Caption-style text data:
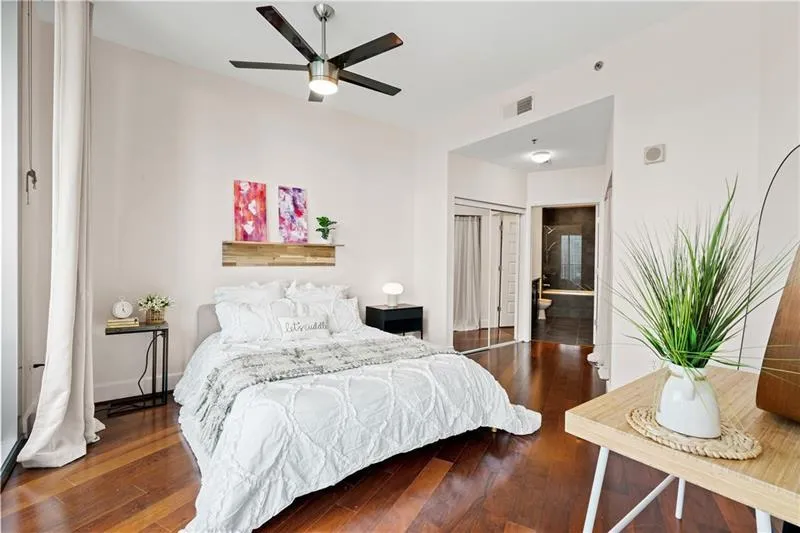 1080 Peachtree Street Ne Unit 2006, Atlanta, Georgia 30309, 1 Bedroom Bedrooms, ,1 BathroomBathrooms,Residential,For Sale,1080 Peachtree Street Ne Unit 2006,7638084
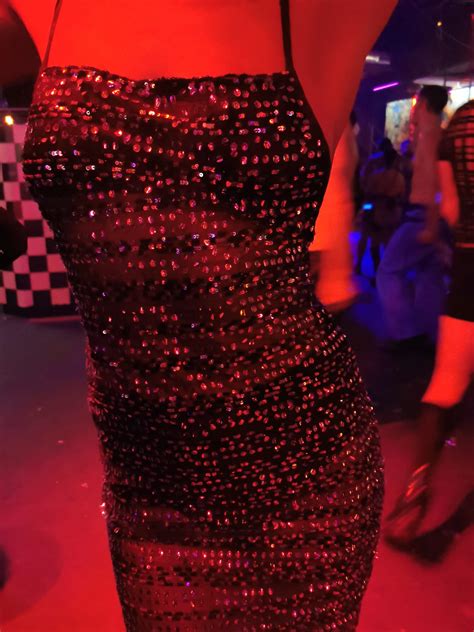 Dress Code Kit Kat Berlin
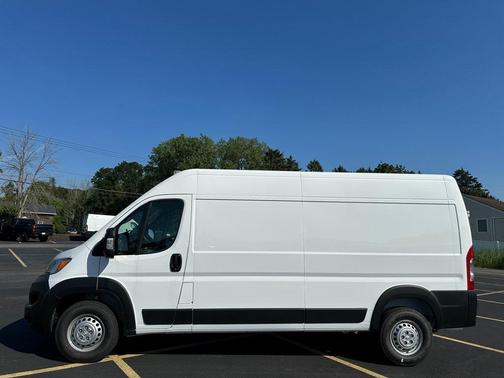 2025 RAM ProMaster 2500 Tradesman
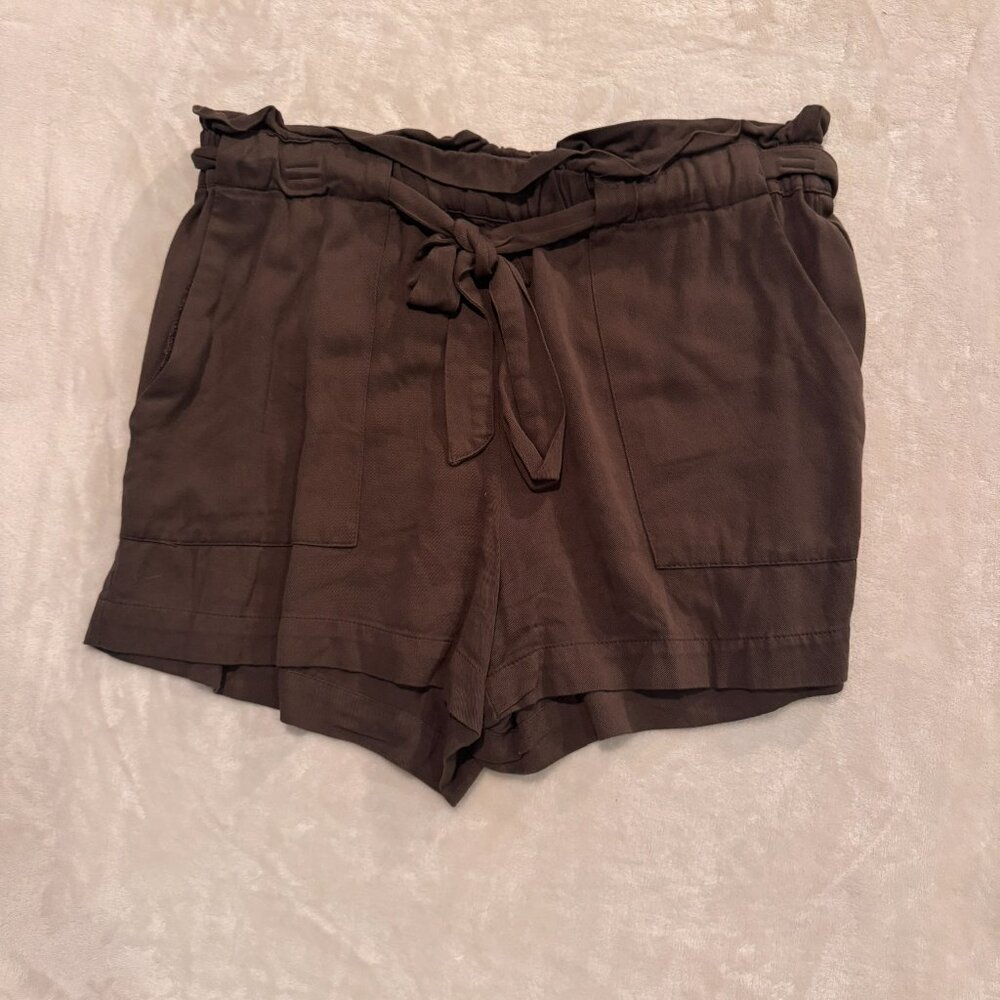 Dynamite Dark Green Olive Shorts Drawstring with Pockets Medium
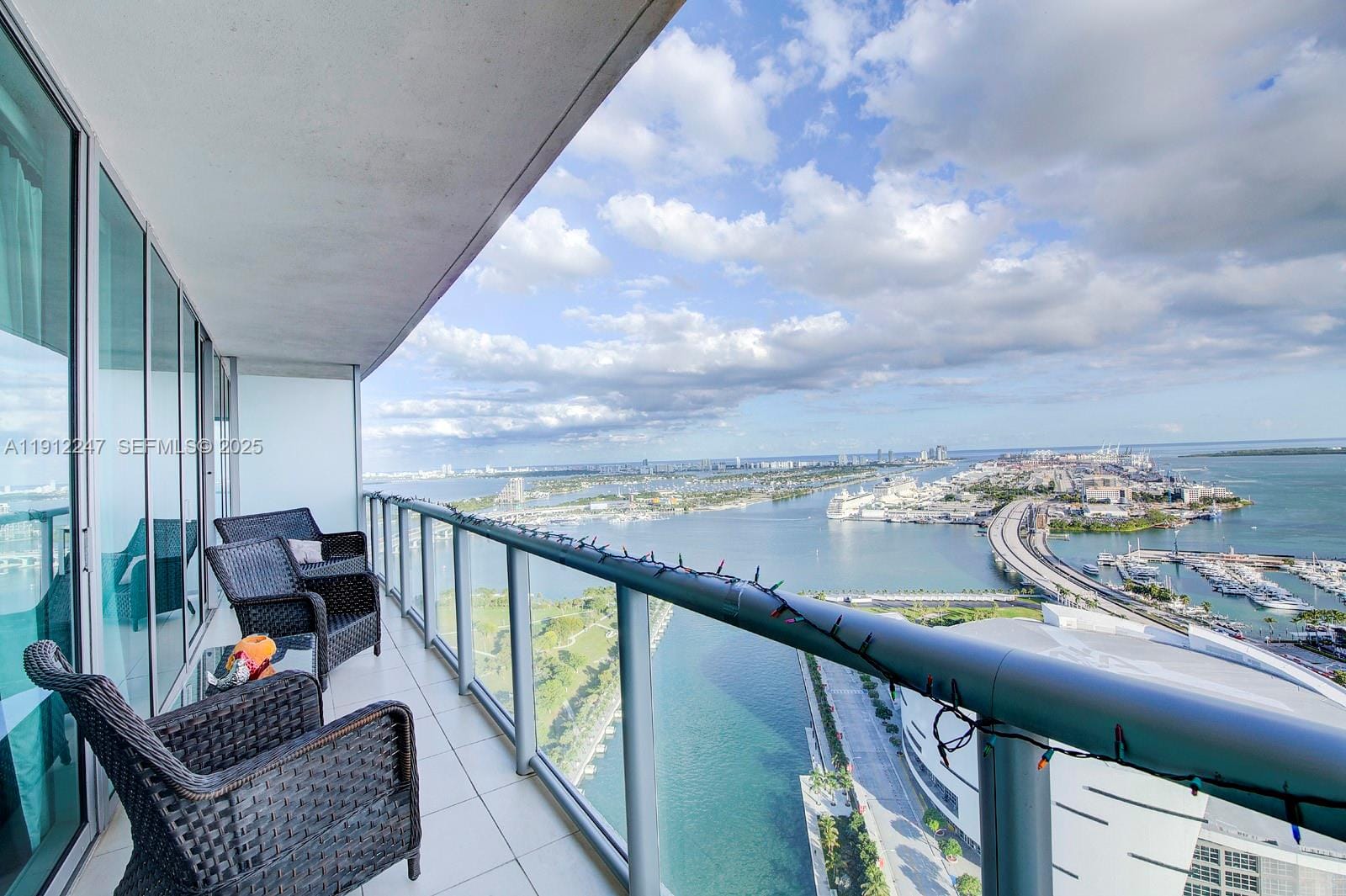 888 Biscayne Boulevard 4007, Miami, FL 33132 photo 13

## PROBLEM DESCRIPTION
Repeat the records exactly, without the pictures.

## EXERCISE RESPONSE
 1080 Peachtree Street Ne Unit 2006, Atlanta, Georgia 30309, 1 Bedroom Bedrooms, ,1 BathroomBathrooms,Residential,For Sale,1080 Peachtree Street Ne Unit 2006,7638084
 Dress Code Kit Kat Berlin
 2025 RAM ProMaster 2500 Tradesman
 Dynamite Dark Green Olive Shorts Drawstring with Pockets Medium
 888 Biscayne Boulevard 4007, Miami, FL 33132 photo 13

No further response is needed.